Are you ready to receive a powerful piece of information? OK, here it comes: Politicians can increase their chances of getting elected to office if they are seen as down-to-earth and relatable by their constituents.
This novel observation, unearthed for the first time this week, is the premise of a Nathaniel Frum column that appeared on The Atlantic on Tuesday. Before you ask, yes, Nathaniel is awful Atlantic staff writer David Frum's stupid son. Not content with simply blowing his readers' minds by telling them that being likable is a boon to politicians, Frum uses his powerful thinking abilities to lay out a brilliant plan for exactly how a politician might go about appearing more normal and cool: They should express idiotic and insincere sports opinions, as frequently and as loudly as possible, in the spaces where such opinions are most abundant.
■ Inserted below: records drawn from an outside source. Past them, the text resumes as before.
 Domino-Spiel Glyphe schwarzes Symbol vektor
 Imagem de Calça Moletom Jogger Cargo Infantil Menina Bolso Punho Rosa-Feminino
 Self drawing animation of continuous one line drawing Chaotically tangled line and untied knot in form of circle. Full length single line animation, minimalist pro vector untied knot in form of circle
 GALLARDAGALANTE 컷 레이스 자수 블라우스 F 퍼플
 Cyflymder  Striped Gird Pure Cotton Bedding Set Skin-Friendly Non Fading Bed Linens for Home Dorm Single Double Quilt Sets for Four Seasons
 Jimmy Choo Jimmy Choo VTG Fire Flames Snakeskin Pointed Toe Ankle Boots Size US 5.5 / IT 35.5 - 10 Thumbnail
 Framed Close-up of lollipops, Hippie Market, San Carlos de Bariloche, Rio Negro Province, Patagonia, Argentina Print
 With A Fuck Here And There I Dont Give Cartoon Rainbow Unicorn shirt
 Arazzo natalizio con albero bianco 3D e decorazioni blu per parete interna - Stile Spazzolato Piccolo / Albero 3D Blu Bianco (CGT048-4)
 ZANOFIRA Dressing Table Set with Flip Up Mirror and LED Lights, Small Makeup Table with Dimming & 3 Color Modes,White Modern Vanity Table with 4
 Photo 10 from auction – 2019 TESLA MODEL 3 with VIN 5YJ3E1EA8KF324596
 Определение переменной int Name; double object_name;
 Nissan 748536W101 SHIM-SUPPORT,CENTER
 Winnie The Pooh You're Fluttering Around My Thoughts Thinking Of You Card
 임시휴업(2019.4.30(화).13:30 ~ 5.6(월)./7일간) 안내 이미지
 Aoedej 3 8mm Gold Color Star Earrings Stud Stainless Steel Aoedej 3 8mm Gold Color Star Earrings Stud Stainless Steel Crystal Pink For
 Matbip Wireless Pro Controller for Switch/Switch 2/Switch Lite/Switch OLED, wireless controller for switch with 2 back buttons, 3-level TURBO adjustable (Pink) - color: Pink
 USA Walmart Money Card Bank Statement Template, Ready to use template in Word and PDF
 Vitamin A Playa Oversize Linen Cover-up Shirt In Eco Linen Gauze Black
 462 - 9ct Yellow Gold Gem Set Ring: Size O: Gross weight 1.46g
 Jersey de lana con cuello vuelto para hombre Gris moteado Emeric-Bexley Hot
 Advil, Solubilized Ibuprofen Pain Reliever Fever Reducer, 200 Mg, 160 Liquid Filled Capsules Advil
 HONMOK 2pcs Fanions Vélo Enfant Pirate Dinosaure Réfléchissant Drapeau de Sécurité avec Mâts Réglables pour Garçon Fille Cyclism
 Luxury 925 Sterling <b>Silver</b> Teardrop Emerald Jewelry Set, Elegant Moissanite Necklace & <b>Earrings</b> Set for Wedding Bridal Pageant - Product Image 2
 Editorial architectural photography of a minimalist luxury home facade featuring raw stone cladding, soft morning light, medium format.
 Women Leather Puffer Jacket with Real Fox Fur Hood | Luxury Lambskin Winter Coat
Frum begins his column by (correctly) dinging New York Governor Kathy Hochul for challenging Donald Trump to name the starting lineup of the Knicks' "1993 championship team," which was in point of fact more of a lost-in-the-Eastern-Conference-Finals team. Hochul came off like a real dope because her error underlined what was already obvious: She only occasionally pretends to like sports in order to curry favor with her constituents.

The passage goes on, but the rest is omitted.